Company formation: Doing business in the Netherlands – "Holland"
If your company wants to establish a presence in the Netherlands from where business will be conducted, then it is important to determine which form the company will have.
A subsidiary or a branch office?
A branch is not considered a distinct legal entity from the foreign company, whereas a subsidiary is regarded as an independent Dutch company. From a practical point of view, a branch is more of an extension of the parent company. It can’t act by itself and has no board of directors. Its creation involves less formalities. A subsidiary, on the contrary, is owned by the parent company and is run by the latter. It can act by itself and has its own board of directors and regulations. A subsidiary is required to hold shareholders’ meetings and comply with other corporate formalities.

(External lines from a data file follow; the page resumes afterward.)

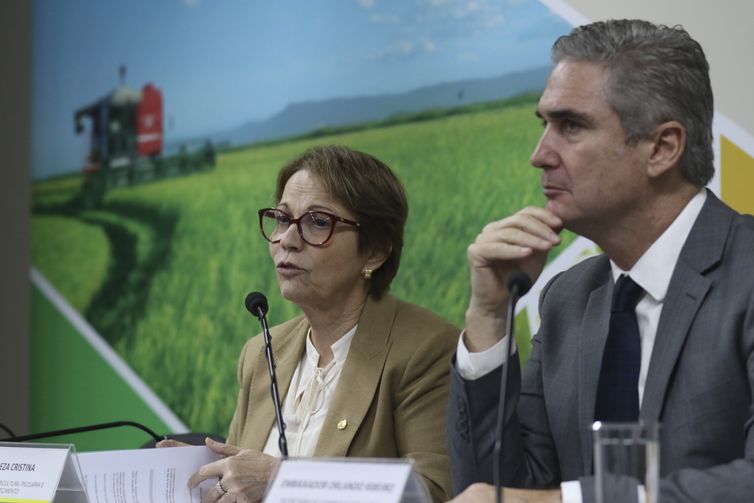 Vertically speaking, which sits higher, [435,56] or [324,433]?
[435,56]

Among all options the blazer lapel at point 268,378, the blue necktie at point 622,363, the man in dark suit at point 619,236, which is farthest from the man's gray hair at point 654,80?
the blazer lapel at point 268,378

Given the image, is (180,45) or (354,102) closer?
(354,102)

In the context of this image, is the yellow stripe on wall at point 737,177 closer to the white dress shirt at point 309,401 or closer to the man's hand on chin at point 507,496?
the white dress shirt at point 309,401

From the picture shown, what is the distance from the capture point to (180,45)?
14.7 feet

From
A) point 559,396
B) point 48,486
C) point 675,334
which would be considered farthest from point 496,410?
point 48,486

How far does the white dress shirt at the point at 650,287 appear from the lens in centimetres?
221

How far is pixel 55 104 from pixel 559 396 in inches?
124

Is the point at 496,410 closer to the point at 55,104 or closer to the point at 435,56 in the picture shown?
the point at 435,56

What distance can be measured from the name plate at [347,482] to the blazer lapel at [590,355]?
1.93 ft

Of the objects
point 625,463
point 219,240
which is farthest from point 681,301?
point 219,240

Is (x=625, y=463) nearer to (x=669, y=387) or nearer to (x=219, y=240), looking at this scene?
(x=669, y=387)

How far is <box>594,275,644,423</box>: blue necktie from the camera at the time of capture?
2.23 m

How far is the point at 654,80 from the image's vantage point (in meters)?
2.21

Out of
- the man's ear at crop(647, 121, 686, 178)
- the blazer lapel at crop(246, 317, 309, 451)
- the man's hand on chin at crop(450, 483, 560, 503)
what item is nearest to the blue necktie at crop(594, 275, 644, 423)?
the man's ear at crop(647, 121, 686, 178) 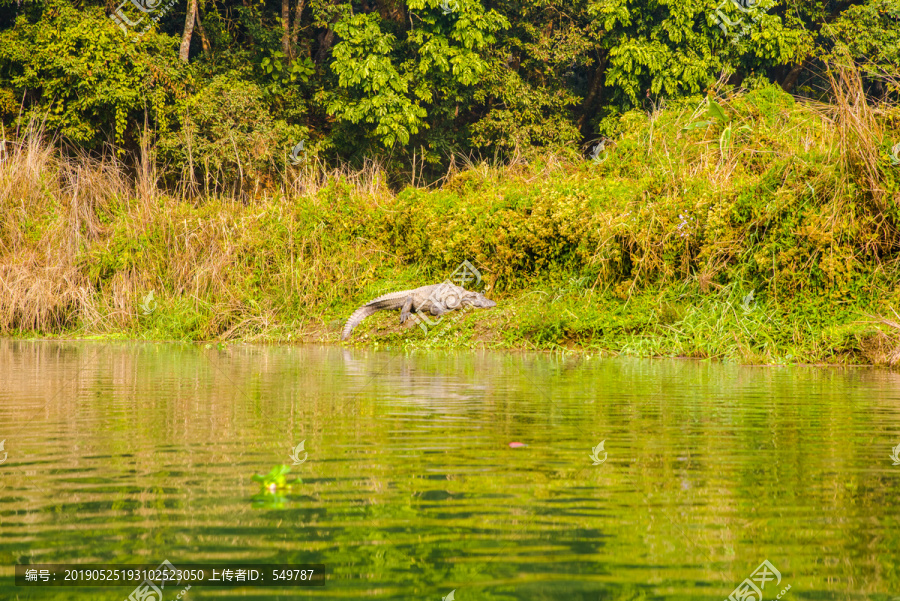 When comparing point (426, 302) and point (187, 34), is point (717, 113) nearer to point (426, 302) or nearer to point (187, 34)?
point (426, 302)

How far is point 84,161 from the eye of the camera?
17078mm

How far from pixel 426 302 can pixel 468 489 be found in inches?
386

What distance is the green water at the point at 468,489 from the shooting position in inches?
90.5

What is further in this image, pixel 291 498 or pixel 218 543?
pixel 291 498

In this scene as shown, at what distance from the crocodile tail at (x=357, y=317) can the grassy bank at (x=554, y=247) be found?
17 cm

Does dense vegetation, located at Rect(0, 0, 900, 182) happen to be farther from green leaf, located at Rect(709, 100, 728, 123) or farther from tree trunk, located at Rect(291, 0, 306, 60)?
green leaf, located at Rect(709, 100, 728, 123)

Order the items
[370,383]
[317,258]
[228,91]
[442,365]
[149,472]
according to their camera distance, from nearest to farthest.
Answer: [149,472] → [370,383] → [442,365] → [317,258] → [228,91]

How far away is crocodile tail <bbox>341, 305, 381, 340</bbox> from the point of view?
1284 centimetres

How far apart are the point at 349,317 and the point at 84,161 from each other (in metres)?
7.09

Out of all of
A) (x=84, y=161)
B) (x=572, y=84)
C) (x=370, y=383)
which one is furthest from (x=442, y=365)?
(x=572, y=84)

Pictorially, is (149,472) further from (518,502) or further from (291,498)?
(518,502)

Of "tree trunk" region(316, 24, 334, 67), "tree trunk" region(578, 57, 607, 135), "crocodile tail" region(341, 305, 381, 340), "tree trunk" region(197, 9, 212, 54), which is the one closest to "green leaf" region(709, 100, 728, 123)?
"crocodile tail" region(341, 305, 381, 340)

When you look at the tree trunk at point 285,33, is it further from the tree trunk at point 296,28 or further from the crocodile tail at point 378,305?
the crocodile tail at point 378,305

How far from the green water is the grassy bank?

Arguments for opting either for a branch or a subsidiary
Setting up a subsidiary has the following advantages:
Because the subsidiary and the parent company are distinct legal entities, the parent
company is not exposed to any liabilities of its subsidiary. The liability of the Dutch subsidiary is limited to its own assets. By contrast, a foreign investor is always liable for the activities of its Dutch branch. This means execution of the branch’s liabilities can be enforced at the expense of the foreign investor’s assets, even if these are located abroad. So in light of risk management setting up a subsidiary will limit the liability.
From a commercial point of view, a subsidiary will be considered a Dutch or European company rather than a foreign company. Clients in the Netherlands often prefer to do business with a company which is set up according to Dutch law. A Dutch limited company may look more trustworthy to them compared to a foreign Ltd. Clients will know that Dutch law will be applicable and not foreign law.
A subsidiary may enjoy certain tax advantages.
Annual tax filing requirements are less stringent for subsidiaries than for branches. A branch’s annual filing will reveal financial information about the foreign entity that it may prefer to keep confidential.
For opening a bank account, signing contracts with organizations, a subsidiary in the Netherlands set up under Dutch law may be required.
Setting up a branch has the following advantages:
No intervention of a Dutch notary public is required for opening up a branch. Only registration in the trade register is required. However due to the optimization of the formation procedure setting up a subsidiary can now be done in a couple of weeks. So the time you can gain with registering a branch instead of setting up a subsidiary is limited.
Dutch corporate law imposes no (or little) requirements regarding the establishment of a board of directors, the distribution of profits or the organization of shareholders’ meetings.